Hello,
I feel myself obligated to write an explanation what has happened with polarhome during last week.
What the users experienced was that polarhome.com was not reachable, domain not resolved and if it was alive for few hours it crashed without any reason.
Well, usually in autumn the gate that is placed in the attic suffer from condensed humidity and this issue I usually solve with a light bulb that raises the temperature in the box and hard disk survives.
During last Sunday I was confident that this was a problem for the gate's crash.
Kernel crashed with a code dump.
All input that I had was a randomly produced 30-40 lines of kernel dump that showed some network related and interrupt related functions.
My first feeling was that the PCI slots damaged the network cards. But when I changed the network cards to new one and this did not help I thought that might be good to try the disk in the whole new box.
I took ubuntu, because this host has the less number of users – but this did not help either.
One night in the middle of the week I found a function call in the dump that was suspicious – nf_conntrack. It looks very similar to one familiar one very important one for polarhome: ip_conntrack - that is responsible for all NAT functionality.
It was a revelation to see that kernel development moved from ip_conntrack to nf_conntrack and I have not noticed that.
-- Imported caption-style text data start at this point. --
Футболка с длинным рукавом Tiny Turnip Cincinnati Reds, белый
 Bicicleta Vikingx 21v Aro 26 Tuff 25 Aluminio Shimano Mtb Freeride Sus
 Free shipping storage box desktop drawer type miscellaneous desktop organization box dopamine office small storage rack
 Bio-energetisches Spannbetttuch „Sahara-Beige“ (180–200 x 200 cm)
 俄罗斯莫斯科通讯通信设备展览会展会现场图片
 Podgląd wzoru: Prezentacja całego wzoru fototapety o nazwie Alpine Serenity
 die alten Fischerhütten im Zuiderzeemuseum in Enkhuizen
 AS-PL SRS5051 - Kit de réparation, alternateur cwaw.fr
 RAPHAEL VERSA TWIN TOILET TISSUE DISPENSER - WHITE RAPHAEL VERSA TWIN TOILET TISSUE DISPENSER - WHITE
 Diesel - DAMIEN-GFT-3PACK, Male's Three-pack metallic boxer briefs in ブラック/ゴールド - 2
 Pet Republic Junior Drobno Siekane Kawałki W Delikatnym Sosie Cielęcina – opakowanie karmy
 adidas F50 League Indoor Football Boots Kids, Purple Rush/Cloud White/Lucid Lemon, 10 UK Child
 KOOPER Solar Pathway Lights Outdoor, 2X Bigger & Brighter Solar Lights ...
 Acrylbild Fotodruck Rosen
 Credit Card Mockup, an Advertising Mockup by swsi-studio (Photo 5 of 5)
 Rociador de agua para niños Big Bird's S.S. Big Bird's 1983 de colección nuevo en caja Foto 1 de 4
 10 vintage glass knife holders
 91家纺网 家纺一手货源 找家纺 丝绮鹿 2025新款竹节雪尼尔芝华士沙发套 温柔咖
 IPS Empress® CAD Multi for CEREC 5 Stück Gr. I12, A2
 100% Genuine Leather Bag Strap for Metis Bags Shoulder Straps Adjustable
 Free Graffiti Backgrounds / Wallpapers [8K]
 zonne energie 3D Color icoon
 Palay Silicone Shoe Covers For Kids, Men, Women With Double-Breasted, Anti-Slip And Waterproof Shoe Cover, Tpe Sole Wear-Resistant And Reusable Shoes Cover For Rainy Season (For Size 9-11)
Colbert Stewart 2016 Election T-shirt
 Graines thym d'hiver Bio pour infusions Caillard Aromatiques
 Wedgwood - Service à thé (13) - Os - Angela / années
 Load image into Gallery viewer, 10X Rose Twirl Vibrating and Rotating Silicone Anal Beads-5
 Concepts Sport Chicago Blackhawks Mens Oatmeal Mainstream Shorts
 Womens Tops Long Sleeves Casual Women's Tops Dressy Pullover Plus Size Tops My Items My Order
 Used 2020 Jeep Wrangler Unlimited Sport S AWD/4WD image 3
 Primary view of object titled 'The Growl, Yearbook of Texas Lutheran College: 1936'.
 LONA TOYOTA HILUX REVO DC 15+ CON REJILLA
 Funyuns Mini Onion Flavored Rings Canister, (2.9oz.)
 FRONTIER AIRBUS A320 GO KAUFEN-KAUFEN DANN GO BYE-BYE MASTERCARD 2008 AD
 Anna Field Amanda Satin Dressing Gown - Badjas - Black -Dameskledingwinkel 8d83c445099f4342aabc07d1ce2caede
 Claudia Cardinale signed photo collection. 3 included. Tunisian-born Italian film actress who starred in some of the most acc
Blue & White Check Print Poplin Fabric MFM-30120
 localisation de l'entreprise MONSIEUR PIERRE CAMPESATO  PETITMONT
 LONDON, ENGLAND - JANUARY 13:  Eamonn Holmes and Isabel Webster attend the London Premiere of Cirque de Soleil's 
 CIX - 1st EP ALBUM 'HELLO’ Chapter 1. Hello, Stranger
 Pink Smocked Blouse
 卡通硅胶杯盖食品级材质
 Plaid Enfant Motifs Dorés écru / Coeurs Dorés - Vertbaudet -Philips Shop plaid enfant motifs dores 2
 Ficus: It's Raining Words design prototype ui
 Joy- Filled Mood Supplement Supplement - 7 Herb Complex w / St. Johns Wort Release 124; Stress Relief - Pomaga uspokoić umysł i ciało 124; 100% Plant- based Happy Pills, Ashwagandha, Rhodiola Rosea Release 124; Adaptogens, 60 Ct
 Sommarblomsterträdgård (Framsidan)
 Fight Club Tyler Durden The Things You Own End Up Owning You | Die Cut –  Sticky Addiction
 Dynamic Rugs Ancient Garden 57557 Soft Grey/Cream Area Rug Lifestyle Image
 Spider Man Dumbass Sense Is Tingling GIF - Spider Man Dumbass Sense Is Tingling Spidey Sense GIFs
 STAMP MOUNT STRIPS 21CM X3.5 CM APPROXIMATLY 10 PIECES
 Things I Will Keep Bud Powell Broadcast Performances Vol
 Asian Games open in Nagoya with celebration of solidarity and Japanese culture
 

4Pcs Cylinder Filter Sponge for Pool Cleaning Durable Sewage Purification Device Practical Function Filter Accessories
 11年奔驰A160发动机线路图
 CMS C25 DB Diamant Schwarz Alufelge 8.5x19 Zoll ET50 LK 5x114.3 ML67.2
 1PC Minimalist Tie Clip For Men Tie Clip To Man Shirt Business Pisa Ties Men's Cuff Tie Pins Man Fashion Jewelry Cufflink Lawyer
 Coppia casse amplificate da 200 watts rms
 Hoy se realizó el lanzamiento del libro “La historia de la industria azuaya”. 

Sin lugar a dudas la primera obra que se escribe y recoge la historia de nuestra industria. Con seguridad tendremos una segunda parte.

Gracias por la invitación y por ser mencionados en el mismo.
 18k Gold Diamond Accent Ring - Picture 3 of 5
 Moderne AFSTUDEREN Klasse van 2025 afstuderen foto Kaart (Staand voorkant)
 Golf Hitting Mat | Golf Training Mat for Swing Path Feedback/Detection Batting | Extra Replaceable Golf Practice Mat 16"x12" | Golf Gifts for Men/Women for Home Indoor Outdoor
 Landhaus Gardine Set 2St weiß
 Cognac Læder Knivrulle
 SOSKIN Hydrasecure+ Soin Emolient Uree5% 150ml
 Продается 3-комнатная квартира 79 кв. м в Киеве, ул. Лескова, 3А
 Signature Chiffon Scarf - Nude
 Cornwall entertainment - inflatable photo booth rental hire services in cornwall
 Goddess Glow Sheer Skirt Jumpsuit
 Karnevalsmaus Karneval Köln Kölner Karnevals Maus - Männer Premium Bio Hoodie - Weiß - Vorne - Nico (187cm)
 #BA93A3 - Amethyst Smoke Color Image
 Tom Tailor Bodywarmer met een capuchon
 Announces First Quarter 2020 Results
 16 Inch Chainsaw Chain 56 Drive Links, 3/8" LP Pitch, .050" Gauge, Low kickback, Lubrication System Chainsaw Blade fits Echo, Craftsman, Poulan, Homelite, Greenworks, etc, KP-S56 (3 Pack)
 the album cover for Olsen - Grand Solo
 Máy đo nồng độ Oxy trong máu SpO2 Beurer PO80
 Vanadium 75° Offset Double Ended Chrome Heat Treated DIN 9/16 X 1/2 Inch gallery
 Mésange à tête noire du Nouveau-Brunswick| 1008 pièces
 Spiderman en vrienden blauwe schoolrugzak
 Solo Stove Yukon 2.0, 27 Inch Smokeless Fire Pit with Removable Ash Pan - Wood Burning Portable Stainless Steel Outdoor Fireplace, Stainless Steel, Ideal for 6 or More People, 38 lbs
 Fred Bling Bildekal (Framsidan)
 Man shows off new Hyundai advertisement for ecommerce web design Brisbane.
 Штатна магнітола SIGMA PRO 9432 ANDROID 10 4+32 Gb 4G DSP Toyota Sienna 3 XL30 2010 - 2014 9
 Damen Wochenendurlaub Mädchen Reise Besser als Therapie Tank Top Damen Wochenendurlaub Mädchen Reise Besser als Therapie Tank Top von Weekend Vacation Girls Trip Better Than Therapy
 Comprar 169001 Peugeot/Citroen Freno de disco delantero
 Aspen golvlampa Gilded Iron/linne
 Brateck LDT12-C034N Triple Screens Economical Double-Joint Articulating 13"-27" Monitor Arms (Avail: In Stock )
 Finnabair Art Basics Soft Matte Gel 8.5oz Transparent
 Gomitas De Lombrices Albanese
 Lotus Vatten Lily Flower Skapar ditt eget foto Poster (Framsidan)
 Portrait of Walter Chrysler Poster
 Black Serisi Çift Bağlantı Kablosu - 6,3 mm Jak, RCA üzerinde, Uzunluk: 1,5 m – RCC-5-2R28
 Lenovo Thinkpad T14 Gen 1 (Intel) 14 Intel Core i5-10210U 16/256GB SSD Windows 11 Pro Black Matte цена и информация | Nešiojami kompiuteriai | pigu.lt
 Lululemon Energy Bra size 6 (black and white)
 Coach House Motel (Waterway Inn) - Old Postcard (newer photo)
The functionality still works, the kernel modules still work even if I load them like ip_*something.
After some testing I have find out that this might cause the kernel dump – because netfilter does not get through the iptables config parameters.
The kernel simply runs out of the allocated conntrack memory (because polarhome has huge traffic and kernel needs to be tuned in order to work with full traffic load)
I have tried to pass parameters to netfilter and this is the reason why the box survived more than 8 hours during the day.
Seems the raised limit still does not fit because it died in that afternoon again.
In fact to fill up this conntrack table it is enough to have few thousand servers that access some services behind the gateway server in the same time.
I have reported this bug(more precisely I have confirmed an already URGENT, but not really prioritized bug) to Fedora
https://bugzilla.redhat.com/show_bug.cgi?id=259501
The solution was to downgrade the kernel, because this is a typical kernel bug that pops up just on the very busy servers.
polarhome is a rather specific environment and there were also issues that needs such an environment to reproduce - like few years ago when usernames had been chopped when UID was greater then 64k, or like that issue with messing up the quotas over some high number of users etc.
Regardless, I am sorry for that that it took so long time.
The main problem was in approach. I assumed that Linux is OK and the problem must be on my side.
Another reason is that I still need to work 8 hours on the job, and drive my daughter to piano, ballet and other dance lessons, some language lessons and also spend some time with the family etc and I can not reach the box either when it is down.
But I can convince you that I gave my best with all my knowledge - unfortunately the performance we not that impressive this time
Also I would like to thank to polarhome users for positive approach, patience and trust specially for users that offered hardware and administration help in such a tuff situation.
polarhome will survive as long polarhome has such users.